Shake it off

One of the most striking things I have seen from the former US president Obama did, was this:

Being arguable the most important person, and the most scrutinised person probably in the whole world, I can only imagine the amount of comments, feedbacks, opinions, both sound and unfounded, both constructive and misguided, were thrown at him on a day to day basis.

We are a social animal, and oh are we social. We live in a society of fairy intelligent people that constantly monitor, observe, interact, and at times interfere each other. And that is a very good thing, we grow and learn and evolve as a species as such; if not for the peer monitoring mechanism, the court of law, and the sense of justice as we know it, wouldn’t really stick together.

But we are also living in an age where we are literally drowning in opinions, of all sorts, both the relevant, and the irrelevant kinds.

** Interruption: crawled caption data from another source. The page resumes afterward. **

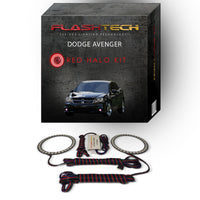 Dodge Avenger V.3 Fusion Color Change LED Halo Fog Light Kit 2008-2015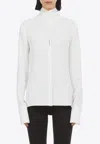Ferragamo Viscose Blouse With Sash Collar In White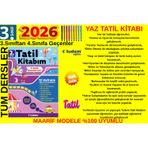 3.Sınıf 3'den 4'ye Geçenler Tüm Dersler 12 Haftalık Yaz Tatili Hazırlık Kitabı+Tablet Kalemli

If you follow me anywhere else on social media you would recognise I am currently rocking a baby bump. This little work in progress has been an amazing journey so far. The amazing people, the encouragements and help, the feeling of oneness with the rest of society, or to a certain extend, history is enormous. That though, doesn’t come without some kind of drawback.

Oh the amount of advices one gets.


Look, I have seen this joke before. New parents emerges, people from your family, neighbour, the guy at Netto, old woman on the train, your hair dresser’s, your mum’s neighbour’s aunt’s physiotherapist all come out from the woodworks to give you very well intentioned, if at times, misinformed advices.

Just this morning I saw this mum to be captioning her baby belly picture with a list of what looks to be self empowerment captions. And to me, I know, that is it a pre-emptive (or post-emptive) warning to advice givers.

We have all been there in our lives right? You did a thing, seemingly harmless and logical to you, and then your neighbour comes out of his house, commenting how you should have put that box you wanted to put horizontally as suppose to vertically, something totally and utterly insignificant, but there you go, a piece of advice to get you through the day.

I get it, you want to help. You think you are trying to help.

Do you though? Are you really though?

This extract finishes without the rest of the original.